Blocage du budget global
Reste qu'alors que l'adoption de l'ensemble semblait en bonne voie après l'accord provisoire du 10 novembre, le processus s'est depuis enlisé avec le refus, le 16 novembre, de la Hongrie et la Pologne, rejoints depuis par la Slovénie, d'entériner le dispositif conditionnant le versement des aides au respect de l'État de droit. "Les mécanismes discrétionnaires fondés non pas sur un jugement indépendant mais sur des critères politiquement motivés ne peuvent pas être qualifiés de 'primauté du droit'", a indiqué le chef de gouvernement slovène dans une lettre aux différentes instances de l'Union. "Le veto sur le budget dont la Pologne doit être le plus grand bénéficiaire est simplement une entreprise suicidaire. C'est au-delà de la compréhension", a de son côté déclaré Rafa? Trzaskowski, maire de Varsovie et membre du Comité européen des régions (PPE / PL). "Nous allons poursuivre les discussions afin de trouver une solution acceptable pour tous", n’a pu qu’indiquer le président du Conseil Charles Michel, à l’issue de la visioconférence des membres du Conseil du 19 novembre.

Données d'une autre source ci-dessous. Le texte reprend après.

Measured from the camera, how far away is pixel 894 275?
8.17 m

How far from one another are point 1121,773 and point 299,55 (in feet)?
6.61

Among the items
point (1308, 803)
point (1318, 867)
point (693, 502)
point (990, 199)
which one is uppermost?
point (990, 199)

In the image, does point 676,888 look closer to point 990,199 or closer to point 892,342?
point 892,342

Feader en France : État et régions s'accordent pour 2022
Face à cette situation, en France, État et régions s'emploient à ne "pas ajouter du retard à ce retard", conscients que les désaccords "bruxellois" ne manqueront pas d'affecter la suite des opérations. À l'occasion d'un comité État-régions consacré au Feader pour la période transitoire 2021-2022, Julien Denormandie et Loïg Chesnais-Girard, président de la région Bretagne et représentant de Régions de France, se sont ainsi accordés, le 13 novembre, sur le maintien pour 2022, dernière année de transition, du taux de transfert du premier pilier de la PAC vers le Feader à hauteur de 7,53%.

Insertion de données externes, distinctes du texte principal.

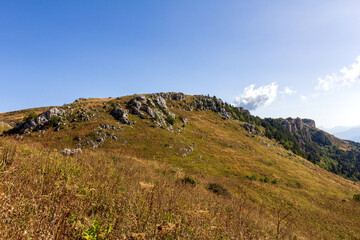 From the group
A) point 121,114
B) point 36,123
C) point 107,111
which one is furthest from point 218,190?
point 36,123

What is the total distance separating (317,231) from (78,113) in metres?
62.3

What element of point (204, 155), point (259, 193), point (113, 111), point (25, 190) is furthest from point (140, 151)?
point (25, 190)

Le comité a également acté la répartition des enveloppes 2021 et 2022 du Feader entre les régions, sur la base de la proposition établie par Régions de France, hors prise en compte des besoins liés à l'indemnité compensatoire de handicaps naturels, à l'assurance récolte et aux mesures anti-prédation. Le communiqué souligne que le montant global annuel du Feader alloué aux régions est en augmentation d'un tiers par rapport à l'enveloppe moyenne 2014-2020. Mais personne n'entend encore à ce stade dévoiler des éléments précis. "Tout sera officialisé prochainement", nous assure-t-on.
Côté régions, on se félicite de cet accord politique : "Le comité s'est bien passé. La situation est compliquée, mais nous avançons", indique-t-on à Localtis.
Un nouveau comité se tiendra en décembre, qui sera consacré à la mise en œuvre du plan France Relance, aux moyens de développer les circuits courts et à la préparation du plan stratégique national de la PAC.